そしてサーファーカットのヘアにアロハシャツ。
中山美穂の変身ぶりにおもわず取材陣からも驚きの声があがった。
15日、美穂が2年ぶりに主演する映画
『波の数だけ抱きしめて』(東宝系)がクランク・インとなった。映画は、湘南を舞台に、ミニFM局した大学生ら男女4人の恋模様を描いたもので、設定が昭和57年ということから、冒頭のようなファッションとなったわけだ。
あいにくの雨で撮影は中止になったが、「多くの人の胸から忘れられない作品にしたい」と美穂は、日焼けサロンに2回ほど通って撮影に臨むなど、この作品にかなり意欲を燃やしているようだ。
さらに24日に発売される初のエッセイ集『P .S.I  LOVE  YOU 』(ニッポン放送出版・1300円)が大きな話題を集めている。

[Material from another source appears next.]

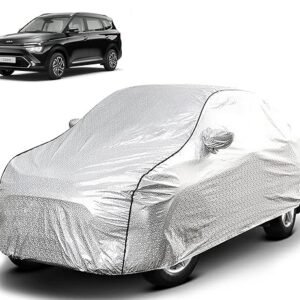 Biroller Waterproof Car Body Cover for Kia Carens with Mirror Pocket, Soft Cotton Lining, Triple Stitched (Heat Resistant Metallic Silver with Black Piping)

美穂は現在、同名のラジオ番組でパーソナリティを努めており、その番組の中に、2年ほど前から始まった、美穂が自分で綴ったエッセイを朗読する〝美穂のポートフォリオ〟というコーナーがある。そこで披露したエッセイをまとめたのがこの本だ。
内容は、家族のこと、仕事のこと、人生のことなど全36章にわたっており、21才の美穂が、心の中をありのままに綴った、いわば日記ともいえる内容。もちろん、その中には、21才の美穂の恋心についてのエッセイもいくつか収められている。例えば、そのうちのひとつ、〝私が思う恋〟と題される章をみてみると─

《本当の恋、本当の恋と言ってるけど、それはいったいどういうものか?というと実は、初恋の時にすでに覚えてしまっているのではないでしょうか?それでも、初恋を過ぎた時点から、〝本当の恋はどこにあるのかしら?〟と、メガネをかけているのにメガネを探しているのと同じように、あちこち探してしまうから、
「何か違うな…」と何度もつぶやくことになる。そして、その100年の恋とは、ある日突然やってくる。運命の出逢い。(中略)
求めているものは、少女にさせてくれる人なのでは…ということです。といっても、恋しているその時がいちばん!なんだよね。》
100年の恋なんていうフレーズを読むと、やっぱり美穂の恋は命がけなんて思えてくるが、これ以上の〝告白〟もエッセイには収められているという。
「ここまではっきりと好きな人のこと、女心を文章にするとは思いませんでしたね。美穂ちゃんとしては、書かずにはいられないほど幸せな日々が続いているということなんじゃないですか。もっと具体的な恋のエピソードも、いくつか紹介されているともきいてますしね…」

ある芸能関係者がこう話すとおり、番組のなかで美穂はかつてこんなエッセイも披露している。
「ずーっとずーっと前、大雪が降った2月のある日、深夜、どうしても彼に会いたくて、次の日、朝早いにもかかわらず外に出た。タクシーなんか走っていない。傘を持っていなかった私は、コンビニエンスでビニール傘を買ってひたすら歩いた。(中略)  彼の家に着いたとき、表で待っていた彼が冷ややかな顔で〝何してるんだ?〟と一言だけいうと、家の中に黙って入っていった。(中略)  彼が洗面器に熱いお湯を入れて私の手を温めてくれた。会えてよかった。そんな安心感のためだったら、私は眠る時間なんかいらない」やっぱり、これは現実にあったことなの?細かな描写についそんな思いがもたげてくる。ほかにも〝電話〟と題して、こんな話をしたことも…。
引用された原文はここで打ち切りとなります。